Dr. King told us that we must begin to examine “an edifice that produces beggars” and that it “must be restructured.” Thus far, President Obama’s policies have given succor to banks and other Wall Street corporations, and the “Grand Bargain” he is attempting to reach with the Republican Party threatens to gut Social Security, Medicaid and Medicare which, according to the online newsite Black Agenda Report dot com, “80 percent of Americans, and virtually the totality of the Black American polity, reject.”

While Dr. King told us that militarism was an evil that must be looked at for what it is, President Obama has permanently placed American military troops – approximately 3000 so far – on the continent of Africa through AFRICOM (Africa Command); conducted a ground/air war in Libya which led to the murder of that country’s leader; and continues to maim and murder children, women and men in Pakistan and Yemen through the use of Predator Drones (unmanned aerial vehicles).

“Obama’s Presidency raises a lot of contradictions for us,” says Kwazi Nkrumah, coordinator for the Martin Luther King Coalition for Jobs, Justice and Peace, founded in Los Angeles in 2009.

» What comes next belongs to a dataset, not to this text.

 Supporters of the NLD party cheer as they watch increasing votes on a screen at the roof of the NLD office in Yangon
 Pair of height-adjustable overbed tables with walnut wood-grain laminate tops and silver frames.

“On the one hand, there’re Black folks being included in the system and making progress through inclusion. In one sense, that’s what the Civil Rights Movement and Dr. King’s work was raising. What Obama’s presidency has raised, in a very practical way, is that our inclusion in the system, as it is, does not necessarily represent progress for us. But in Dr. King’s last years, he was clearly questioning the system itself; what he was raising is that this system, as it is, is not ultimately where we want to go, as Black people, other people of color, poor whites.”

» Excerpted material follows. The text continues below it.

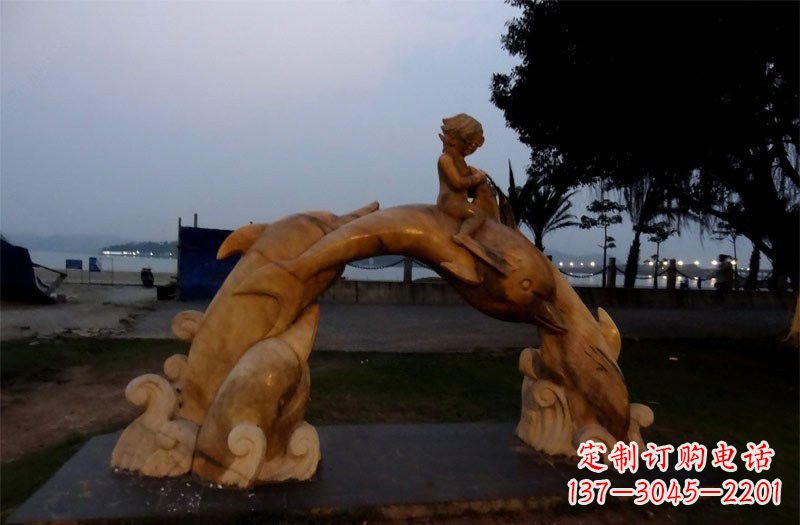 广西西方儿童骑海豚石雕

As we approach the inauguration of President Obama’s final term in office, it seems almost fitting, then, that we ask the question that Dr. King asked in the title of one of his books: where do we go from here?

“He didn’t really feel that this system was the end-all-be-all of our freedom,” remarks Nkrumah of Dr. King. “This economic system, the international relations that grow from it, and the politics based on it, have to be restructured,” Nkrumah said.